The ban unveiled Friday by the White House, which won’t go into immediate effect because of the pending court challenges, is slightly more nuanced than the total ban the president staked out in his July tweets.
But the effect is no less insidious, in that it would prevent most transgender people from serving in the military and likely would lead to mistreatment and dismissal of some active-duty members.
Anyone with a history of gender dysphoria (the experience of incongruity between birth gender and gender identity) would be disqualified save for limited and undefined circumstances.
Also disqualified would be transgender people who have undergone gender transition. Eligible for enlistment and retention are transgender people who agree to serve in their birth gender.

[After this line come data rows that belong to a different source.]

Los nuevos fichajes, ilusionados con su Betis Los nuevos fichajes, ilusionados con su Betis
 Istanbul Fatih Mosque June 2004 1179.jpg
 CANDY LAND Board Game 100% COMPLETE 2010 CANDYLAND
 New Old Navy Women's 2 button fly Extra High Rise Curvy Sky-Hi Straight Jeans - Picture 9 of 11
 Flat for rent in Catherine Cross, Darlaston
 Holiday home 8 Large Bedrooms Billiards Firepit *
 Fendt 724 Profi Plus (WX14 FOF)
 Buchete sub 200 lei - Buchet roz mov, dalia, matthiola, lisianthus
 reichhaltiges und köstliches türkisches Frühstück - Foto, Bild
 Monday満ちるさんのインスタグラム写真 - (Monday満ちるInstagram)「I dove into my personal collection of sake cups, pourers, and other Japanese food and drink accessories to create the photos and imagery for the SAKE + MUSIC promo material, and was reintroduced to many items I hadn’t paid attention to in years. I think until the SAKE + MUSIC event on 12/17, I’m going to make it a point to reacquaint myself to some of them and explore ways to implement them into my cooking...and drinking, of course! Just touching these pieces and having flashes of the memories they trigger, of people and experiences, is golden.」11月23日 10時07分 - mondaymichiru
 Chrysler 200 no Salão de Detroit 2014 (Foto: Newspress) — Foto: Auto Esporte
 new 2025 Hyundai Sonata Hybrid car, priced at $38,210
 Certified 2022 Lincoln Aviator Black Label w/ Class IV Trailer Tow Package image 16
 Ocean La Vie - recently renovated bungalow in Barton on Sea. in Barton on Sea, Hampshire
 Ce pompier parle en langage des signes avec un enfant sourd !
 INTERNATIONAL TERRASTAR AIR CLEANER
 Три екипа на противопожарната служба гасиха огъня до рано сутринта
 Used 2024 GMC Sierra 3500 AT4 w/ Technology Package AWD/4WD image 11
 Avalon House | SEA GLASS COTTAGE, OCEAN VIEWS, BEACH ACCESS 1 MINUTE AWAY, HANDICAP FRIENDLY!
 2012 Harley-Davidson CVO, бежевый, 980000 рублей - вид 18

As Shannon Minter of the National Center for Lesbian Rights observed, “It means you can’t be transgender.”
The White House defended the newly revised ban as enhancing military “readiness, lethality and effectiveness” and said it was developed after extensive study by uniformed and civilian leaders. Isn’t it curious, though, that the conclusion reached was essentially the same as the one the president seemingly pulled out of thin air last year?
Transgender advocates are right to call this a case of reverse engineering, with a process designed to reach the president’s announced conclusion. Consider that the administration did not name the members of the socalled expert panel that is said to have studied this issue and Mattis did not answer questions about it, citing pending litigation. Groups such as the American Psychological Association and two former U.S. surgeons general have assailed the report as distorting scientific research. Also striking is that the Rand Corp., which studied this issue in 2016 before the Obama administration lifted a previous ban, reached a different conclusion: namely, that allowing transgender people to serve in the military would “have minimal impact on readiness and health care costs” for the Pentagon.
The immediate issue for the federal courts hearing the challenges to the ban will be whether to make their injunctions permanent. It is likely the issue will eventually be decided by the Supreme Court.
Until that happens — and unless Congress intervenes — there will be continued, and unjust, uncertainty for the transgender men and women who want to serve their country.